Oakland County opened a testing site last week in partnership with Honor Community Health. The county hopes eventually to run specimens in its own labs. It ordered two machines to do so, but it too hasn’t been able to get enough testing material, said county spokesman Bill Mullan.
Central City Integrated Health, in downtown Detroit, said it was able to score supplies for some 30,000 test kits more than a week ago after long hours on calls to an international distributor, a factory in China, and a lab in Korea. It was also able to line up a lab to process the tests.
But the health clinic said it can’t yet take advantage of testing capabilities because it lacks personal protective equipment needed so staff can safely administer the tests.
“I got confirmation that the order will be here this week,” Interim President and CEO Dr. Kimberly Farrow told Bridge Monday.
Central City would be among the first to offer the test to asymptomatic individuals — an effort that will help contain the spread in southeast Michigan. The clinic said it is planning to distribute tests to other health clinics as well, and hopes to conduct “mass testing” at churches and community organizations.
“You have people wanting to return to work and they want notices — a letter from the doctor,” Farrow said. “But we can't necessarily send people back to work with great confidence because we don't know if they're still infectious or not.”
This waiting game is what makes the supply issue particularly confounding, according to U-M’s Eisenberg.
“It’s not like this is a technological problem or that we don’t have the capability. It’s a supply chain issue,” he said.
The federal government, even the military, could play an important role in connecting that chain, he said: “You can’t win a war if you run out of food.”

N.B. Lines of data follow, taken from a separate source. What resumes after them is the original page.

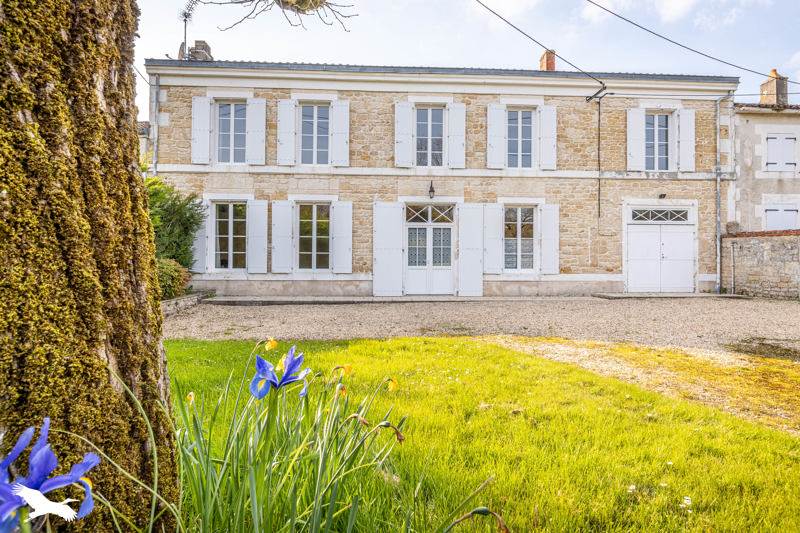 Vente Maison ARDILLIERES - 5 pièces -195 m² - (17290)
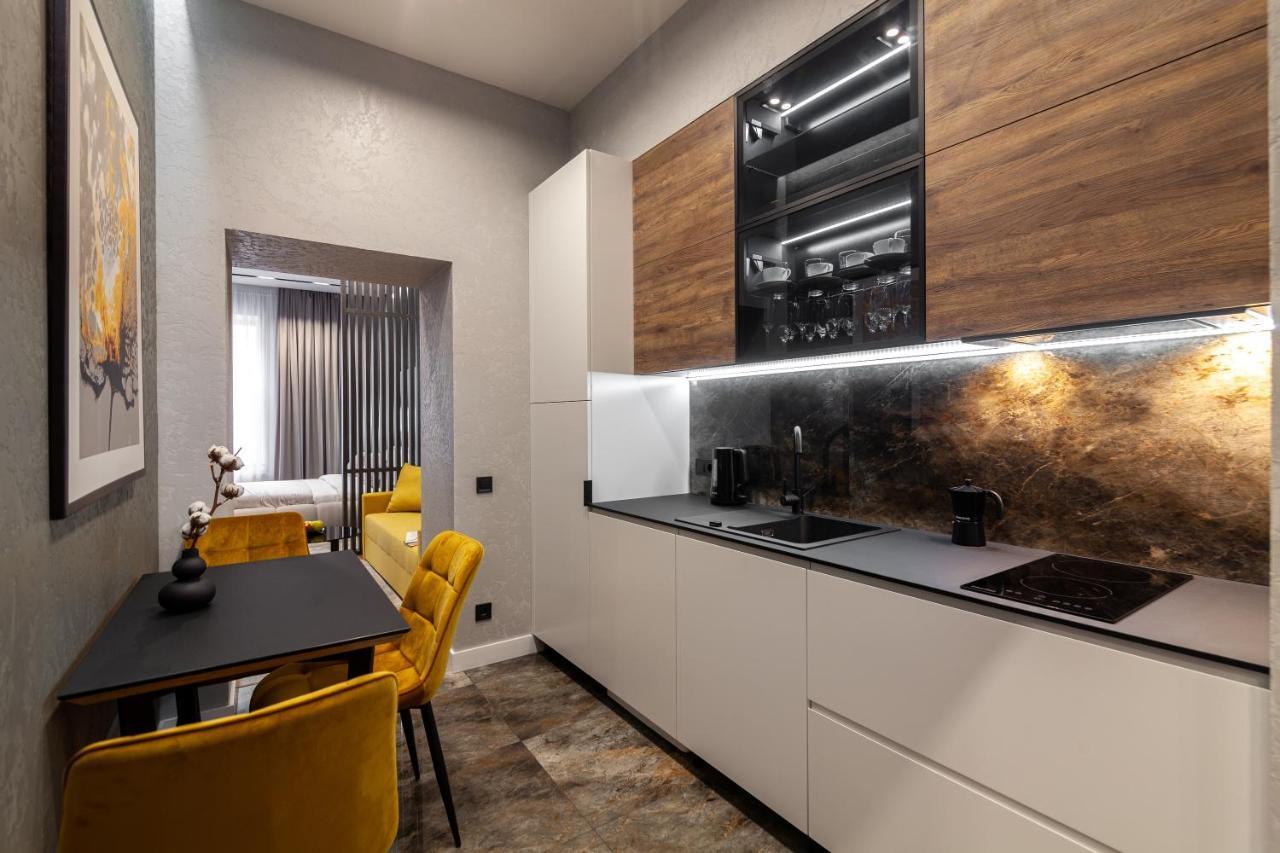 Dream Apartament On Drahomanova Street إلفيف المظهر الخارجي الصورة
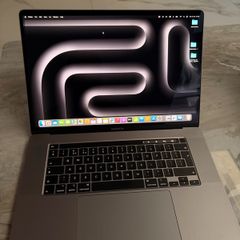 Macbook Pro 16 inch (i7 / 16gb Ram / 512gb SSD / AMD Radeon)
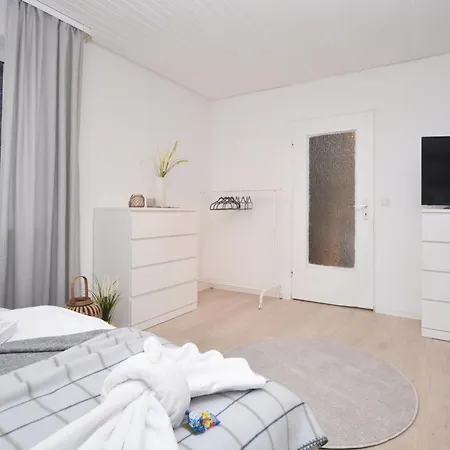 01 - Fuer Firmen Lägenhet *
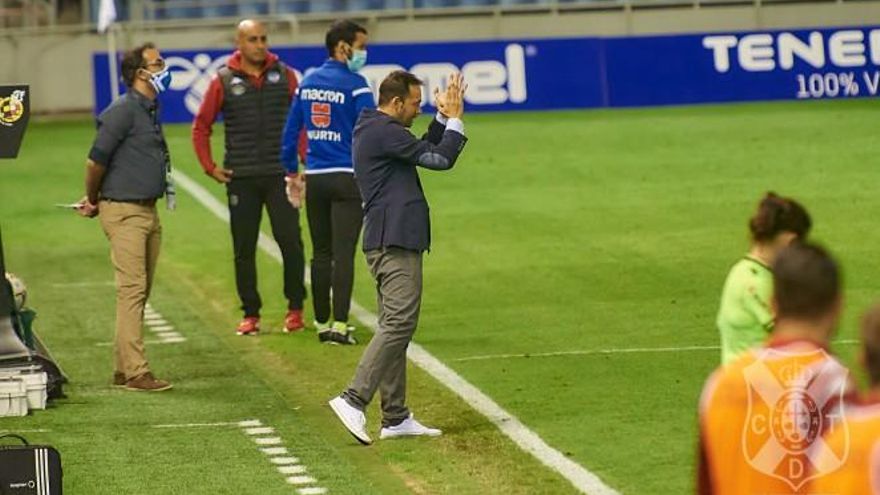 Fran Fernández: "La UD Las Palmas es un equipo de calidad y peligroso en las transiciones"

Eisenberg and others point to a second set of tests that can also offer crucial information to policymakers trying to determine when and how to safely reopen.
Blood tests that detect antibodies to COVID-19, which in theory would help identify people who gained immunity after having the disease, are also considered crucial for reopening the state. But currently available tests, many of which were rushed to market in response to the pandemic without any scrutiny by the U.S. Food and Drug Administration, do not all provide accurate or reliable results.
And, crucially, given its newness, it is not yet clear if the presence of antibodies to COVID-19 makes a person immune and for how long.
Still, doctor’s offices and labs across Michigan have started offering the tests, or are looking to purchase them in order to test large numbers of patients. Antibody test results are not required to be reported to the state so it’s impossible to know how many have been administered, or even where they’re offered.
Some states are planning for widespread antibody testing. In New York, Gov. Andrew Cuomo announced the beginning of large-scale antibody testing on Monday, with a goal of testing thousands per day. In Idaho, a nonprofit group called Crush the Curve Idaho is offering diagnostic and antibody tests to anyone in the state regardless of symptoms or risk level.